Ma il punto è che non stiamo paragonando tre business simili. Nvidia è un colosso dei chip nel pieno del boom dell’intelligenza artificiale, con un modello estremamente capital intensive ma con una base di personale relativamente contenuta. Il risultato è un fatturato per dipendente altissimo. Netflix è una piattaforma di streaming globale: infrastruttura cloud, diritti e contenuti, ma una struttura operativa molto più snella rispetto a un’azienda che produce hardware fisico e gestisce negozi in mezzo mondo.
Apple, oltre a sviluppare hardware, software e servizi, ha una rete di Apple Store, supply chain complessa, produzione, centri logistici, assistenza e un ecosistema che richiede moltissime figure diverse in organico.
Il risultato è che, a parità di fatturato stellare, il numero di dipendenti per Apple è molto più alto. E l’RPE, di conseguenza, scende rispetto ai player più “leggeri”.
Un punto centrale dello studio è proprio questo: Apple ha un esercito di persone che lavorano negli Apple Store, qualcosa che Nvidia o Netflix semplicemente non hanno.

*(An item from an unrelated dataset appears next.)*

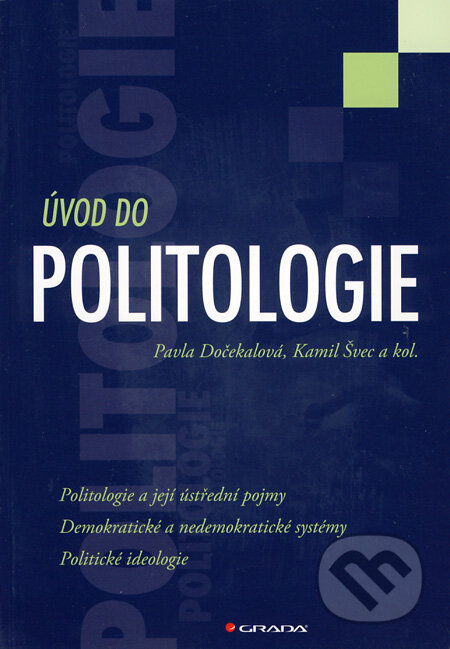Kniha: Úvod do politologie (Kamil Švec, Pavla Dočekalová a kolektiv). Grada, 2010 Kniha: Úvod do politologie (Kamil Švec, Pavla Dočekalová a kolektiv). Grada, 2010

Apple, pur avendo una struttura enorme, riesce comunque a generare oltre 2,4 milioni di dollari per dipendente. Il dato è comunque superiore a quello di molte altre big tech, come Meta, Alphabet e Microsoft, secondo altre analisi recenti sul tema
Dall’altro, questo numero non misura la qualità dell’esperienza utente, la forza del brand, la resilienza del modello di business nel lungo periodo, il valore dell’ecosistema creato attorno a prodotti e servizi.
In più, Apple ha consapevolmente scelto un modello “pesante”: fabbrica prodotti fisici, gestisce la supply chain, possiede e anima negozi fisici in tutto il mondo. Se Apple decidesse domani di chiudere tutti gli Apple Store e di affidarsi solo a terze parti e canali online, probabilmente l’RPE salirebbe.